Jimi

Oh, so… Jimi.

Context first. I inherited a good chunk of my music taste from my parents and my elder sister, and from a friend of the family named Doug Wedge.

Mom listened to The Beatles and The Rolling Stones and Peter, Paul, and Mary and other hippie-type music, and Dad listened to Beethoven and The Clancy Brothers… and (if they were both really drunk) they both listened to Bob Dylan. Mom used to say that she felt bad that she missed the whole music scene of the 70s, because she was busy raising kids.

Doug’s mother Sarah occasionally watched Megan and I when we were little, before the 80s starting having its own music. We’d go over to Doug’s and spend the night, and Doug had this really awesome stereo (with a reel-to-reel that we weren’t allowed to touch) and Sarah let Doug buy his own records. We’d horse around with Battlestar Galactica action figures or his old Space 1999 Eagle (it was huge) and when we got bored of that, we’d set up a drum set with four pillows on a coffee table and two tennis rackets for guitars, and we’d put on The Beatles or The Cars or Rush or Kiss and airband away. Doug always played the drums. Megan and I both “played” guitar left-handed, because she was a leftie and I always mimicked what she was doing.

Megan dipped into metal and bought Holy Diver and On Through the Night (and then Pyromania, of course), and then dropped metal for a while and got into 80s New Wave stuff and then Goth and down a myriad path that maybe I could get her to write about some day, because it’s a story in and of itself.  Generally, I listened to what she listened to, and Megan became heavily invested in listening to things before they became popular, so throughout high school I was regularly bombarded with new music where the performer would become famous a year or two later when their new album got radio play and I’d get to say, “Red Sails in the Sunset was better” or, “Original Sin blows this album away” or some other pretentious baloney like that.

Anyway, I picked up classic late 60s and early 70s rock much later than most, having skipped over most of it on my way to Prog rock thanks to Doug. Jimi always was around on the radio, of course, but it was a long time before I actually bought one of his albums myself.

I have a thing about distortion which always led me to have difficulties with extended listening to Jimi (or more recently Radiohead). I have some minor hearing loss but the frequency range at which it is apparent makes it hard to get through the spaces where they really go nuts with the boundaries of the instrument.

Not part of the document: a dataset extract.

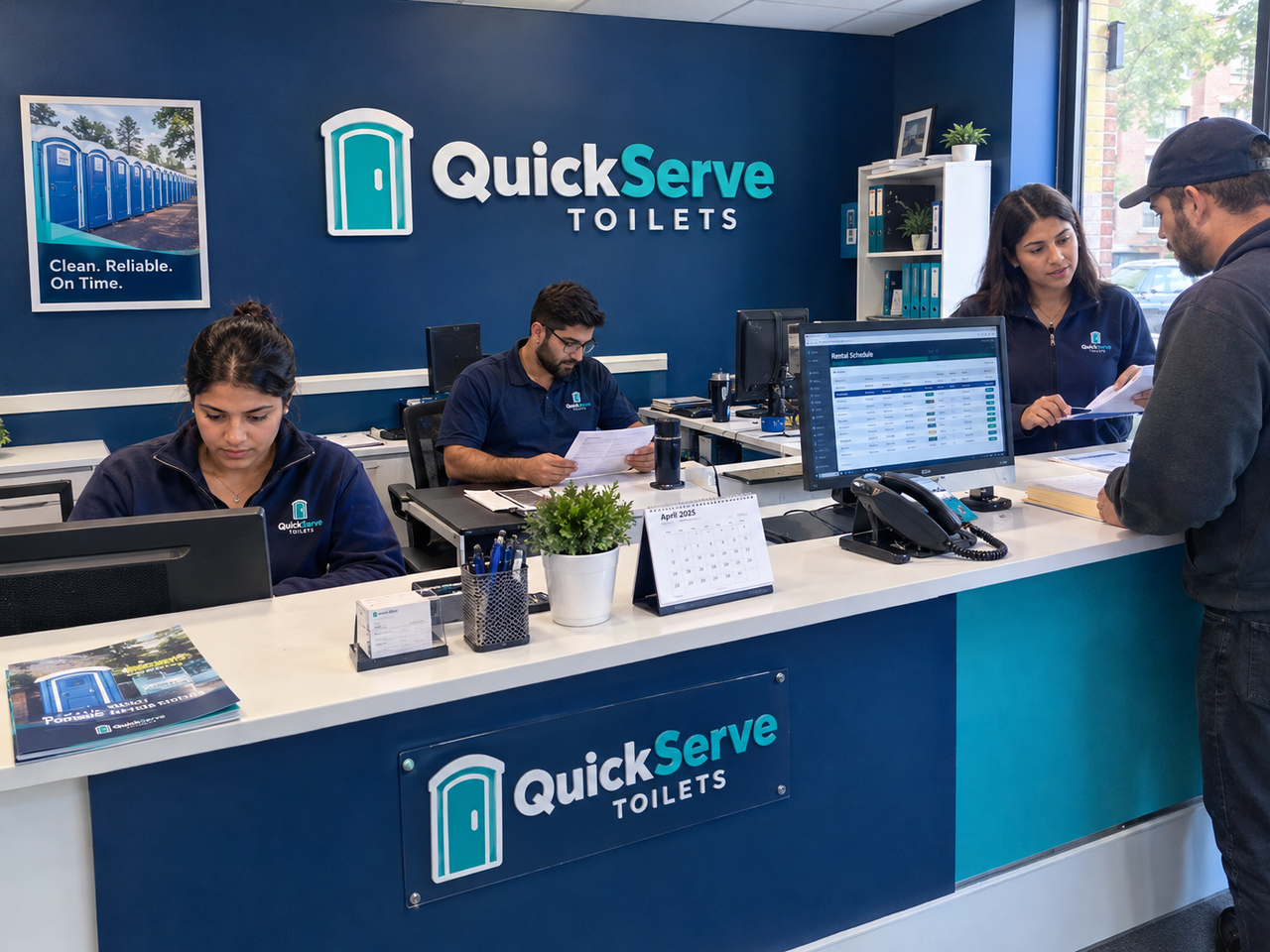 QuickServe Toilets rental planning office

So I bought Are You Experienced and Electric Ladyland and every once in a while I’d pull them out and listen to the tracks on there that didn’t hit that part of my hearing range that bugged me.

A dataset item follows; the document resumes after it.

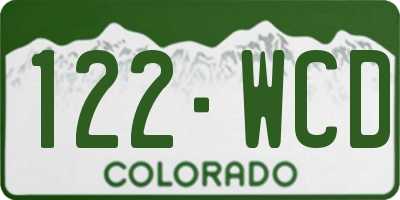 CO license plate 122WCD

Because of this huge confluence of factors, I always thought from the standpoint of songwriting that Jimi was overrated… I mean, Foxy Lady and Crosstown Traffic and Purple Haze and a couple of his others aren’t exactly, yanno, deep, man, and Fire is one of those songs that when it comes on the radio I find some other channel. Hey Joe and Voodoo Chile made me think maybe I ought to listen to the guy’s entire body of work more, but I never really got around to it.

And then I heard this, which is never on the radio:

Whoa.

Patrick

Patrick is a mid-40 year old geek with an undergraduate degree in mathematics and a master's degree in Information Systems. Nothing he says here has anything to do with the official position of his employer or any other institution.

8 Comments

    • Clowns to the left of me, Jokers to the right,
      Here I am, stuck in the spam filter with you.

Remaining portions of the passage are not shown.